Várias mães solteiras em Portugal estão a perder o direito ao abono de família após alterações na composição do agregado familiar, como regressar à casa dos pais ou aumentar ligeiramente os rendimentos. A situação está a gerar críticas de especialistas e relatos de dificuldades acrescidas, com famílias a denunciarem um sistema que consideram desajustado à realidade.
De acordo com a CNN Portugal, estes casos refletem critérios considerados demasiado rígidos na atribuição do apoio social, levando algumas famílias monoparentais a cair num verdadeiro “limbo”, onde deixam de receber o abono sem que a sua situação financeira tenha melhorado de forma significativa.
Um dos exemplos é o de Catarina Santos, mãe de duas crianças, que perdeu o abono de família após regressar à casa da mãe, em Setúbal, numa fase em que se encontrava desempregada e sem rendimentos. Até então, o apoio — cerca de 400 euros — era essencial para garantir alimentação e medicação para o filho mais velho, diagnosticado com epilepsia.
Ao integrar o agregado familiar da mãe, a Segurança Social considerou os rendimentos conjuntos, retirando-lhe o direito ao apoio. Catarina critica a situação, afirmando que “é como se me estivessem a dizer: ‘Se não tens casa, se não tens rendimentos e precisas da tua família então perdes o direito a apoio’”, questionando ainda: “Se ficasse na rua mantinha o abono, isto não faz sentido”.
Especialistas em direito da Segurança Social alertam que o problema resulta de regras baseadas em critérios estritamente formais.
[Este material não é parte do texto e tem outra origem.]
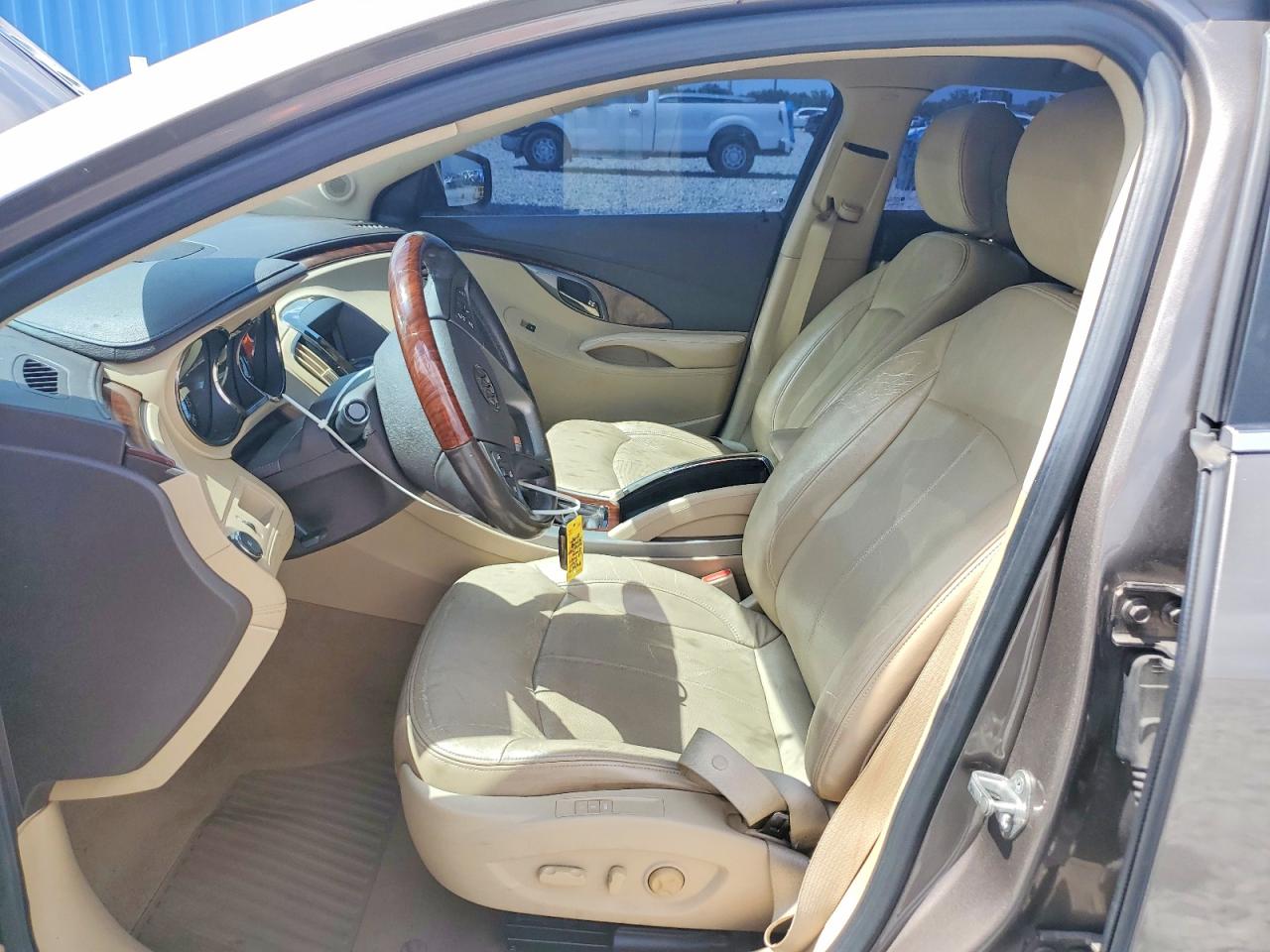 2010 Buick Lacrosse Cxl Tan vin: 1G4GC5EG2AF130087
A advogada Rita Garcia Pereira sublinha que o sistema depende de parâmetros “absolutamente rígidos”, centrados nos rendimentos do agregado, o que pode levar à perda de apoios mesmo com alterações mínimas.
Segundo a jurista, o modelo “parte do pressuposto que o agregado familiar são o pai e a mãe”, ignorando situações frequentes de fragilidade, como o regresso a casa dos pais. Esta realidade já levou a Provedoria da Justiça a pedir a revisão das regras, considerando inadequada a perda automática de apoios em determinados casos, sobretudo em famílias monoparentais.
Pequenas alterações nos rendimentos também penalizam
Outros casos mostram que até aumentos residuais de rendimento podem levar à perda do abono. Mónica Tavares, mãe solteira, viu o apoio ser cortado depois de começar a fazer turnos noturnos para reforçar o orçamento familiar. Apesar de mais tarde ter reduzido o rendimento, o pedido para voltar a receber o abono foi recusado.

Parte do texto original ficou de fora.